Among the entries that follow, the required portion opens with the line containing "Waterfront Ferndale Home: Deck" and closes with the line containing "Commercial Property - Photo 2". Give that portion again exactly, and nothing else.

------ Data for this task

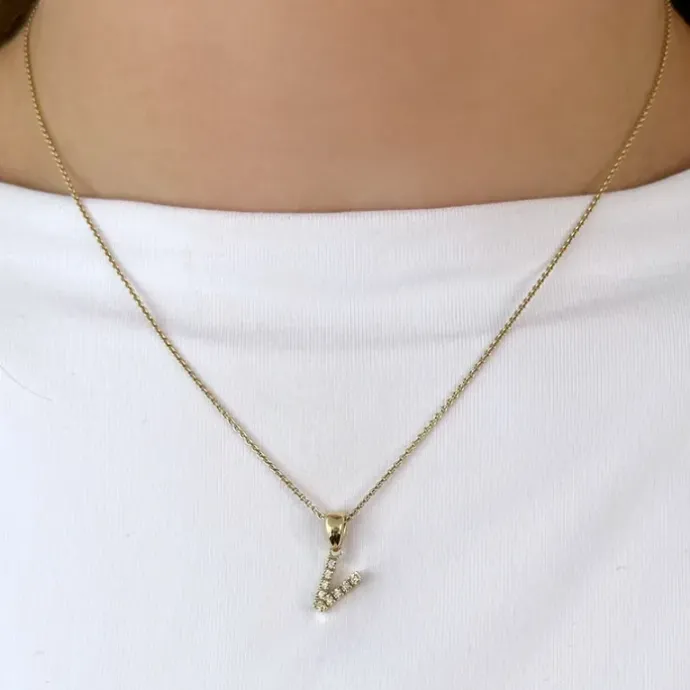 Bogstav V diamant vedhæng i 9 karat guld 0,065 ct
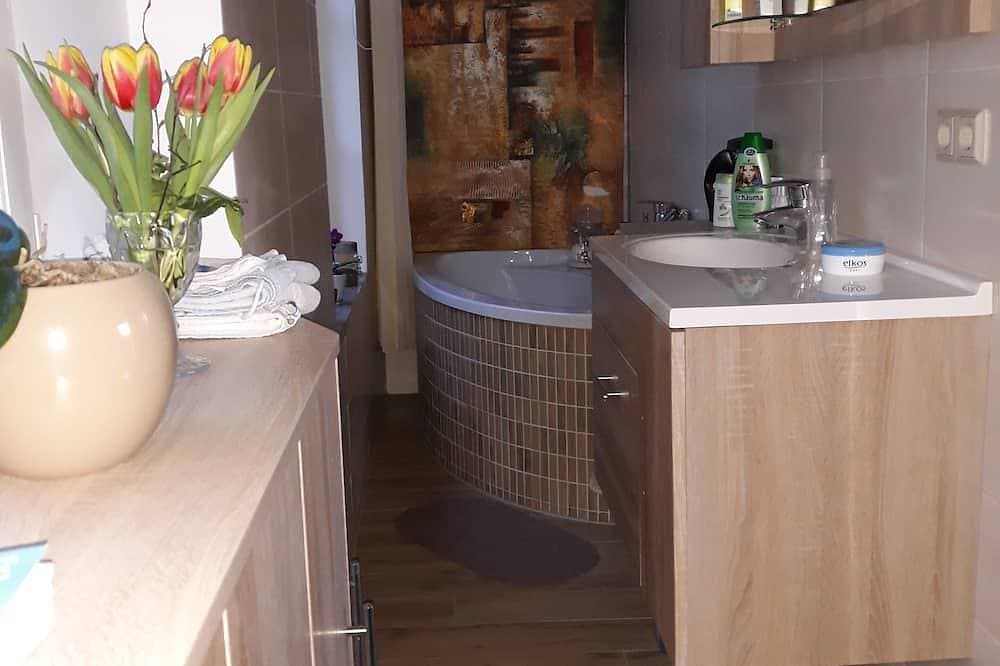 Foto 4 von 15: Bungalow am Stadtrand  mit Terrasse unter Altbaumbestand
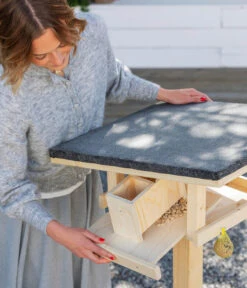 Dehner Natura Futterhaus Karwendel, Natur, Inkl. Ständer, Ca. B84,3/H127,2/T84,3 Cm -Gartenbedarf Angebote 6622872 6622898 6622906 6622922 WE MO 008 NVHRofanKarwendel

------------
------ Data for this task

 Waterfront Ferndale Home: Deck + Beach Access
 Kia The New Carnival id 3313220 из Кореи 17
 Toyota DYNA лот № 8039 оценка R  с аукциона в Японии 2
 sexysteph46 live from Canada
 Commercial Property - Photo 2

------------
------ Data for this task

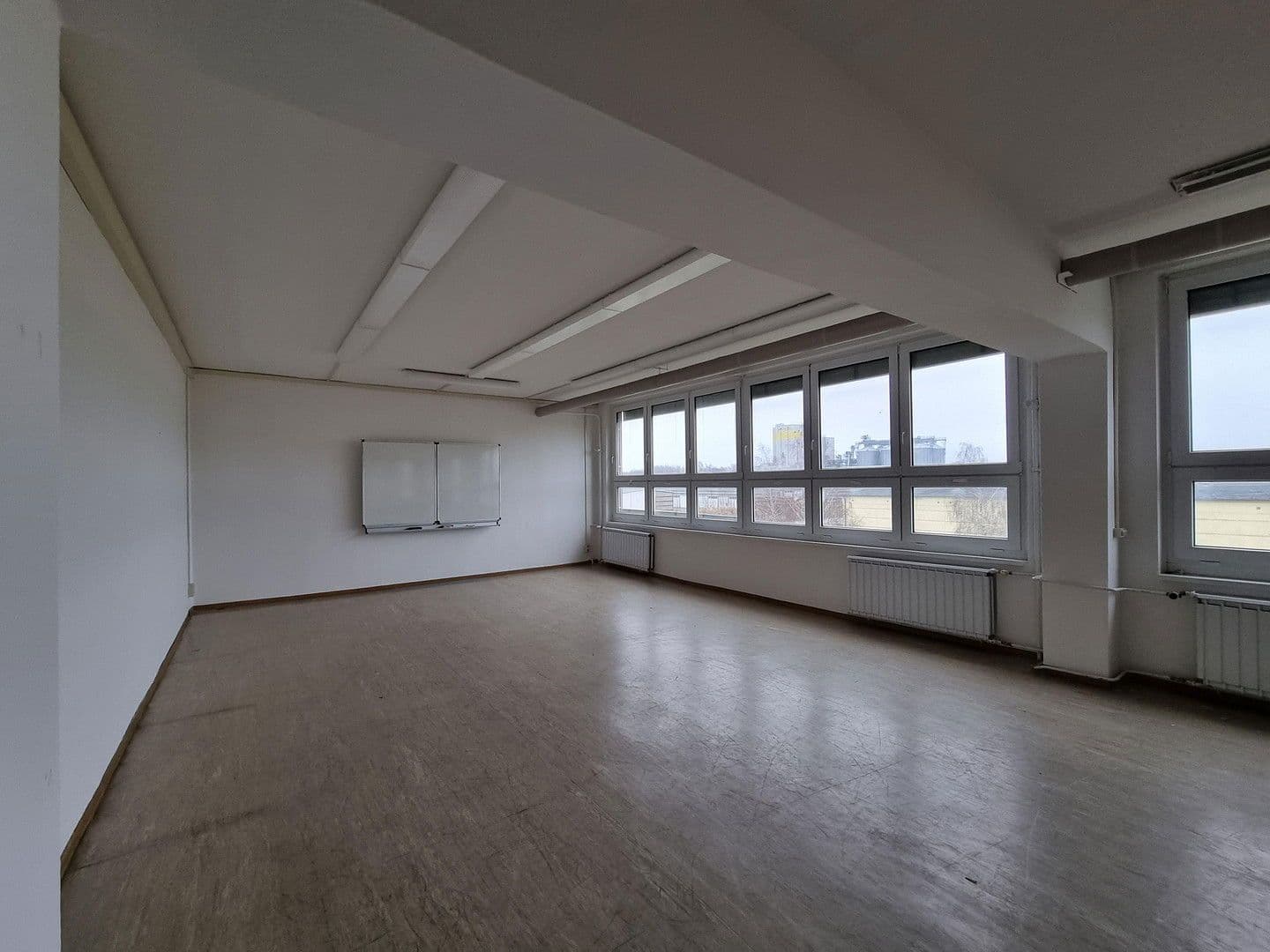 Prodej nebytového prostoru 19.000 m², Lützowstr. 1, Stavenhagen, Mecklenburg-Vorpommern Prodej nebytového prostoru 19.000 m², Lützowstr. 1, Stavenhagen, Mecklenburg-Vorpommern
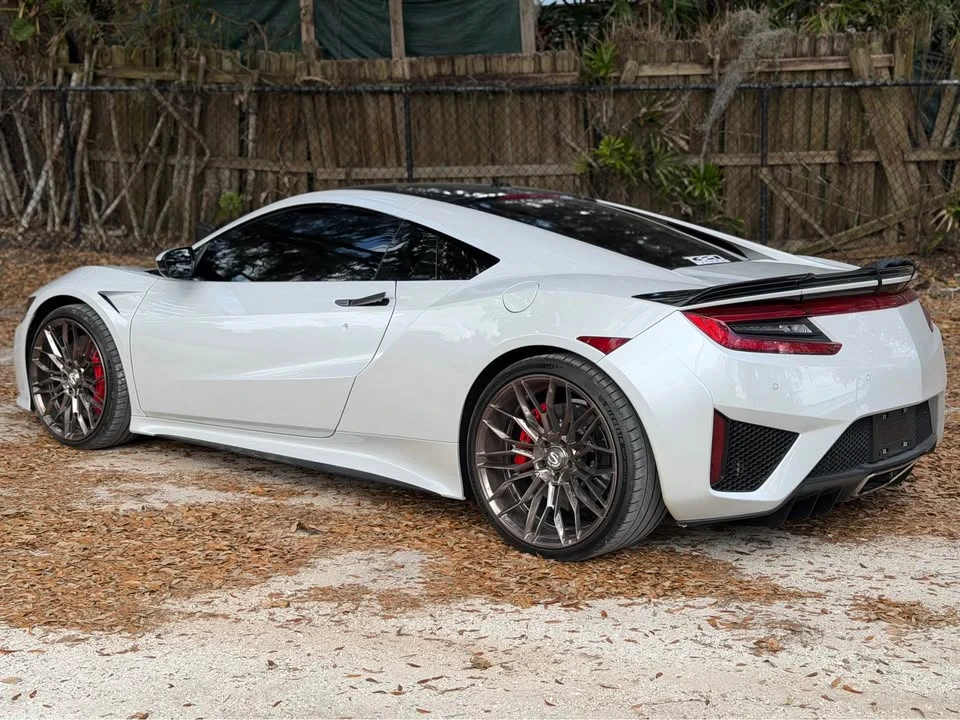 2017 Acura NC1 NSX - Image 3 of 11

------------

Output of the exercise —
 Waterfront Ferndale Home: Deck + Beach Access
 Kia The New Carnival id 3313220 из Кореи 17
 Toyota DYNA лот № 8039 оценка R  с аукциона в Японии 2
 sexysteph46 live from Canada
 Commercial Property - Photo 2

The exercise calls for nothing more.